What this task involves:
All lines from the one that contains "Blå Begagnad 2010" to the end of the data must be retyped exactly. Pictures are not retyped.

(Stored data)
::::

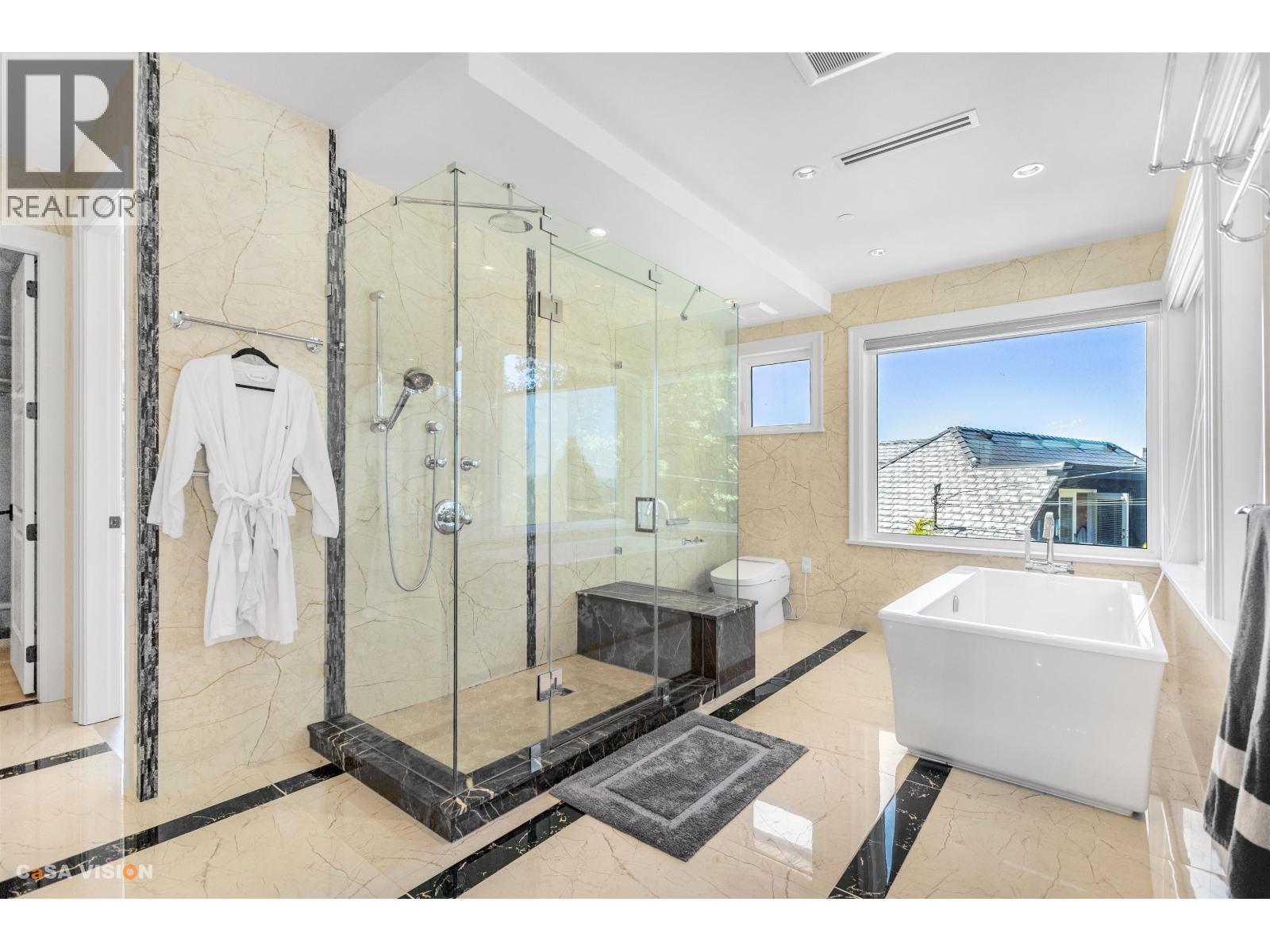991 CROSS CREEK ROAD, West Vancouver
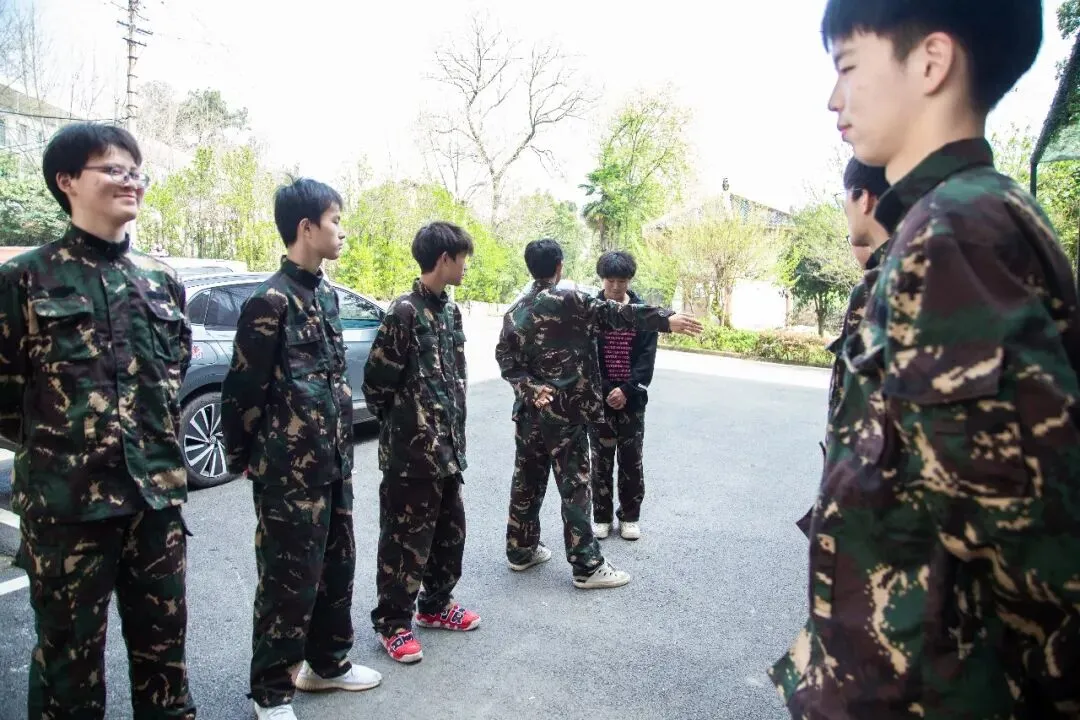 中考分数不够普高、想军事化管理、要升学+参军一定要选武汉军需学校 第13张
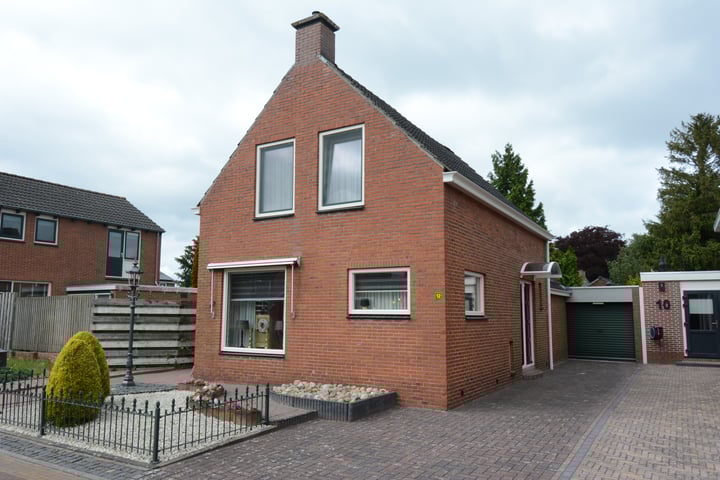 Kromme Elleboog 12 in Muntendam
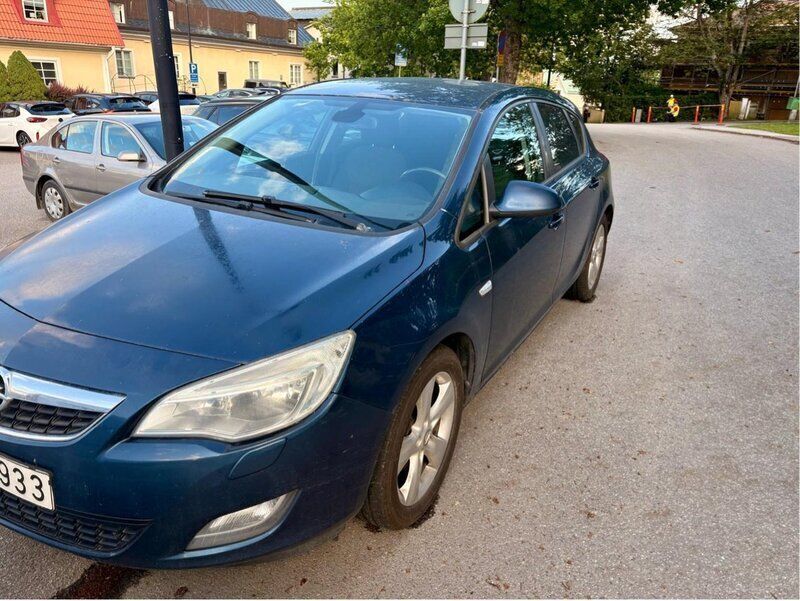 Blå Begagnad 2010 Opel Astra Enjoy Halvkombi | 28 000 kr (Lite dyr) - Bild 1/4
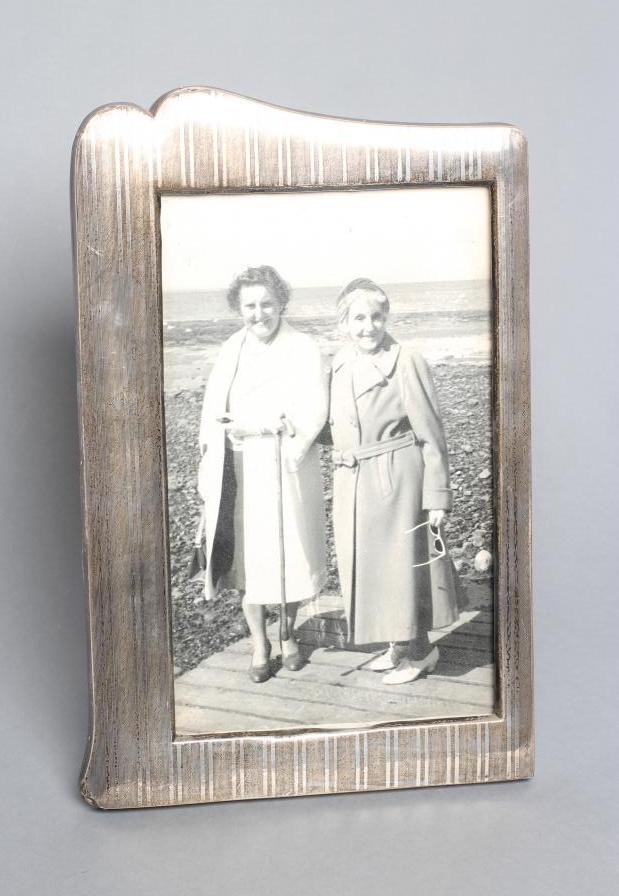 A SILVER EASEL BACK PHOTOGRAPH FRAME Image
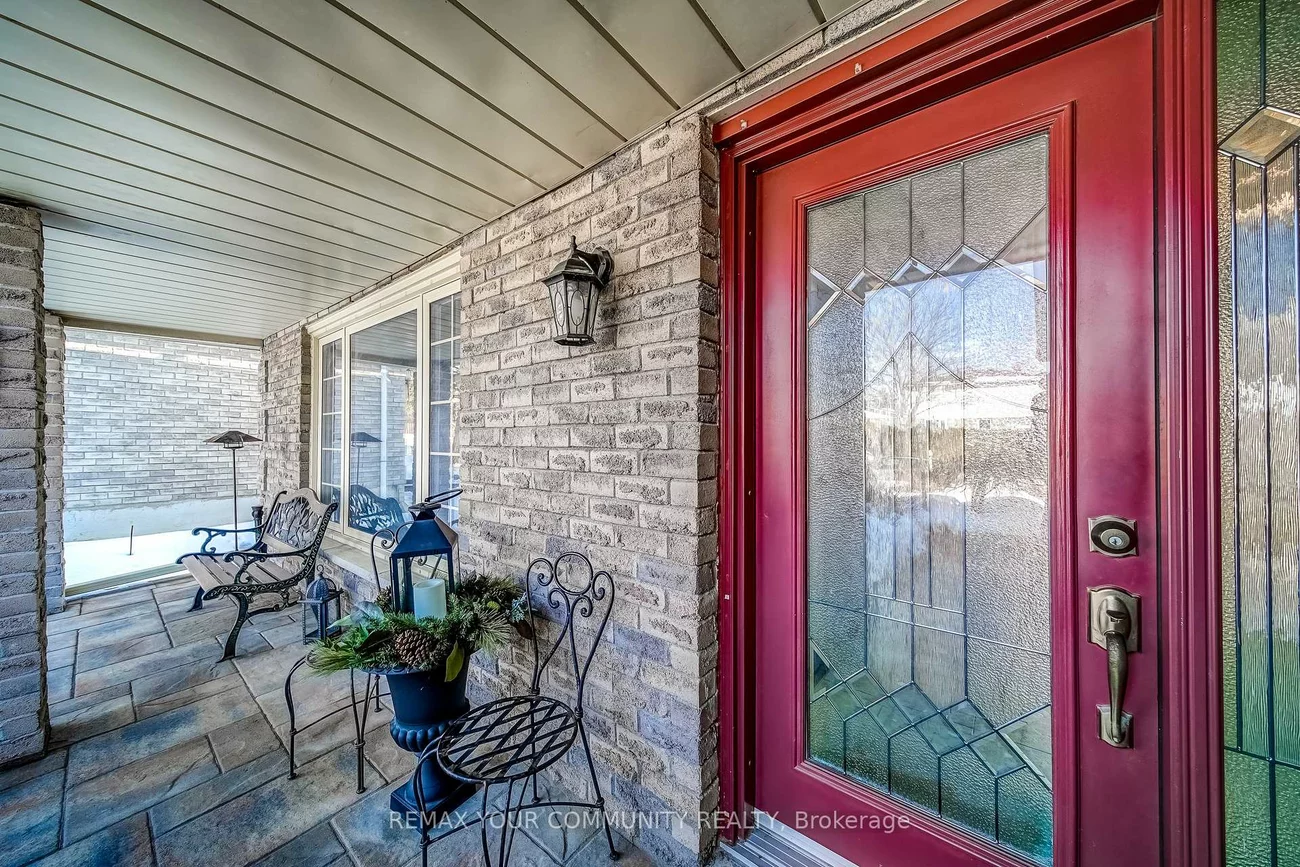 911, Ferndale, Gorham-College Manor, Newmarket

::::

Result for this task:
 Blå Begagnad 2010 Opel Astra Enjoy Halvkombi | 28 000 kr (Lite dyr) - Bild 1/4
 A SILVER EASEL BACK PHOTOGRAPH FRAME Image
 911, Ferndale, Gorham-College Manor, Newmarket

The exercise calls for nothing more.